ASHA Health Workers Union State General Secretary Dr Kailash Pandey said that the government says ASHAs are Corona Warriors, but gives them no facilities. They had to bear their own medical costs and were not paid the Rs 50 lakhs compensation announced by the government. Their Corona period honorarium is also not being paid timely.
Delhi Asha Kamgar Union and AICCTU activists visited the home of an Asha worker in Mustafabad, Norrma, who died after being infected with Covid on duty. Her husband is a factory worker. He said his wife died due to oxygen shortage. "ASHA workers go house to house on behalf of the government to care for everyone's health, for public health. But when they themselves fall ill, the government does nothing to help them." Noorma's daughter, a Class IX student, and her two younger brothers speaking about how they miss their mother who used to help them study, used to cook meals for them. "I don't know how to cook, how will we manage", she said.
The CPIML is conducting a painstaking door-to-door survey of deaths that took place in villages between 1 April-May 31. This survey is being accompanied by village-level memorial meetings for the Covid victims. These meeting are helping to break the stigma surrounding Covid deaths. The survey is still ongoing but here are some initial takeaways.
In 14 panchayats of Tarari block, rural Bihar:
- 367 people died between.
- Only 20 of these had been tested for Covid, though the majority of them had "cold-cough-fever-breathlessness" symptoms.

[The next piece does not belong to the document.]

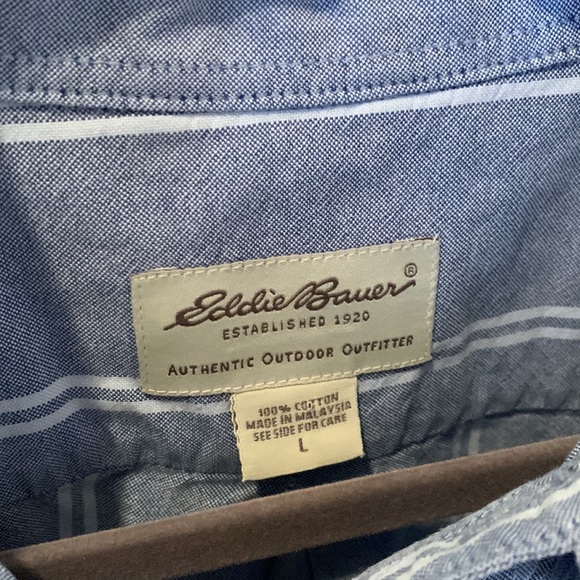 EUC Eddie Bauer Casual Button Down Long Sleeve - Picture 2 of 10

- Most could not go to hospitals: the reasons included fear, stigma, distance and expense of travel to a hospital
- it is only on being approached by AISA, RYA, AIPWA comrades that they are speaking of the deaths, and agreeing to seek compensation.
In Danwar Bihta village (Karakat block, Rohtas) alone, 31 people died between 1 April and 31 May, all with symptoms of cold-cough-fever-breathlessness.
This survey will continue and be accompanied by a “Healthy Bihar” campaign in the first two weeks of July. Liberation will carry a detailed report of the survey.